While you want to play as much as you can afford, “you don’t want to wake up Thursday morning and realize you’re a loser and then pull your hair out trying to replace the money you spent,” he noted. And when you do lay down cold hard cash, he has a set of suggestions to follow in order to better the odds.
At the top of his list: Instead of letting a machine choose your numbers, do the selecting yourself. “Always pick the same numbers,” he insisted. “Don’t play Quick Picks. When you play Quick Picks, your odds are always going to be at their worst.”
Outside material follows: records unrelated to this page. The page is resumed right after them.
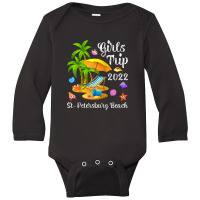 Girls Trip 2022 Summer Vacation Florida St. Petersburg Beach Raglan Ba Long Sleeve Baby Bodysuit | Artistshot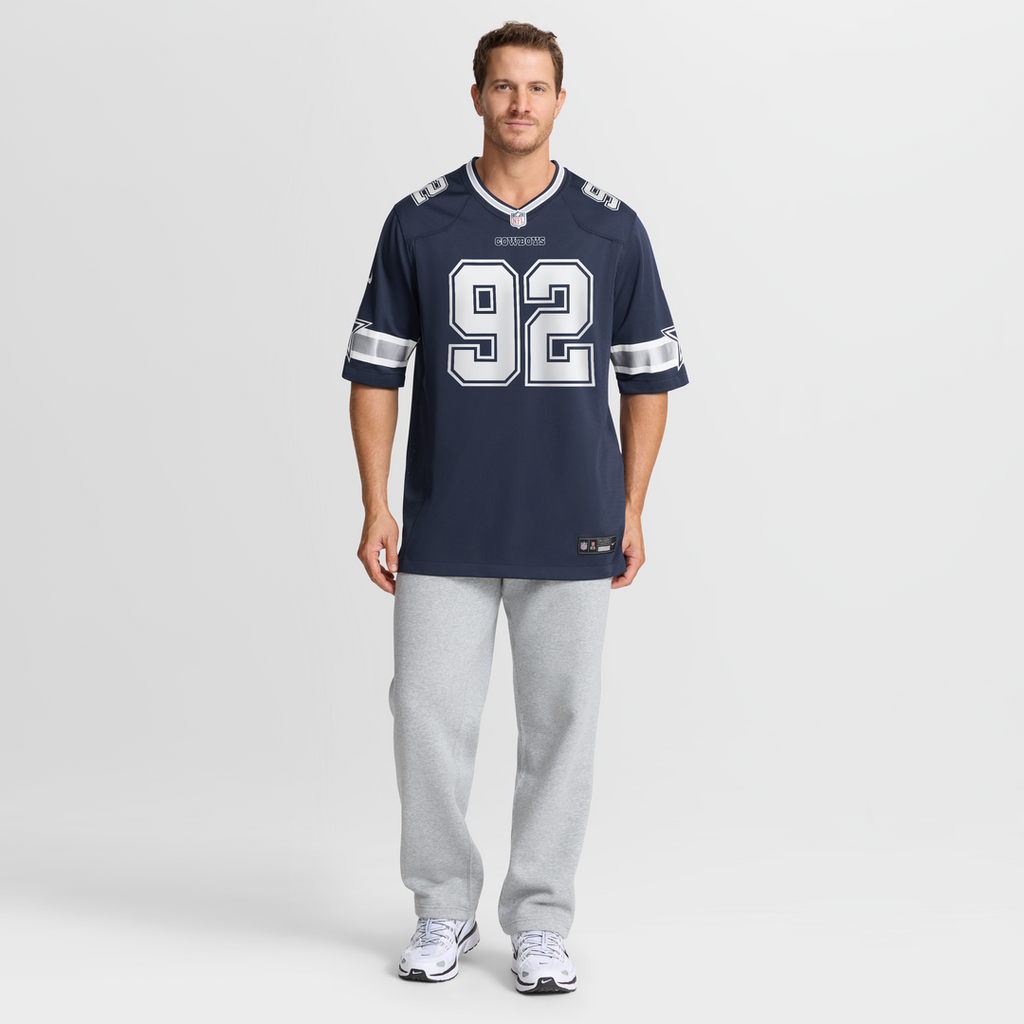 Men's Nike Dallas Cowboys Quinnen Williams Navy Team Game NFL Jersey
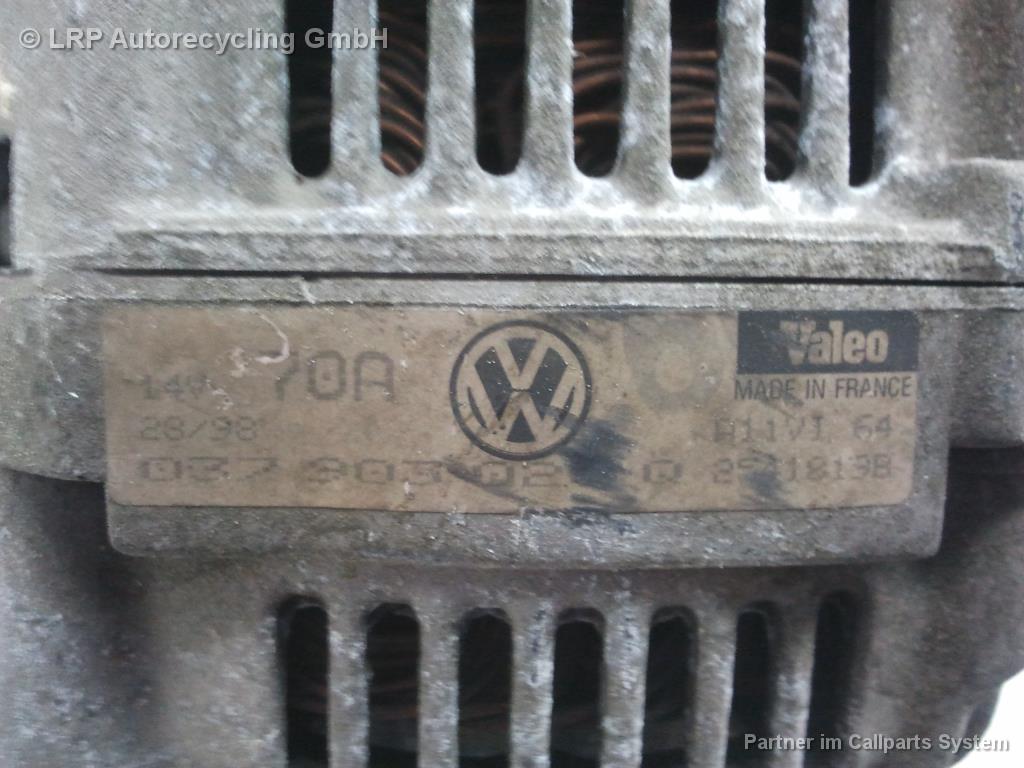 VW Lupo BJ1998 Lichtmaschine Generator 70A 1.4 55kw AKQ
The specific numbers you choose matter too, so it pays to research which ones have come up before and select something else. Then, always use the same set each time you play. “Luck has absolutely nothing to do with it,” Lustig claimed. “How can anybody in their right mind say this guy’s won seven times just because he’s just a lucky guy? Come on. Nobody can be that lucky."
Repeat Performance
Peggy Dodson knows lightning really can strike twice! The Pennsylvania resident’s daily trips to a convenience store to buy scratch-off tickets paid off big when she won a million dollars in 2018 and $100,000 in 2017. “I don’t drink. I don’t smoke,” she stated. “But I love to play the lottery.”
As Dodson has proven, persistence pays off. “If someone already wins the lottery, then the chance that the person wins the lottery a second time will be exactly the same as the probability they win the lottery if they had not previously won the lottery before,” Harvard statistics professor Dr. Mark Glickman explained. “In other words, having previously won the lottery does not improve or make less likely the chance of winning the lottery in the future.”
And while purchasing scratch-off tickets every day doesn’t make a difference, Glickman noted that buying more of each game does actually improve your odds.
No matter how often you play, just enjoy the process of chasing a potential payoff. “Don’t play the lottery and expect to win,” Georgia Tech’s School of Mathematics faculty member Dr. Lew Lefton suggested. “It can be fun to play the lottery and imagine you win. That’s a different approach, and it’s just like any other gambling: You should only be willing to spend what you can afford to lose.”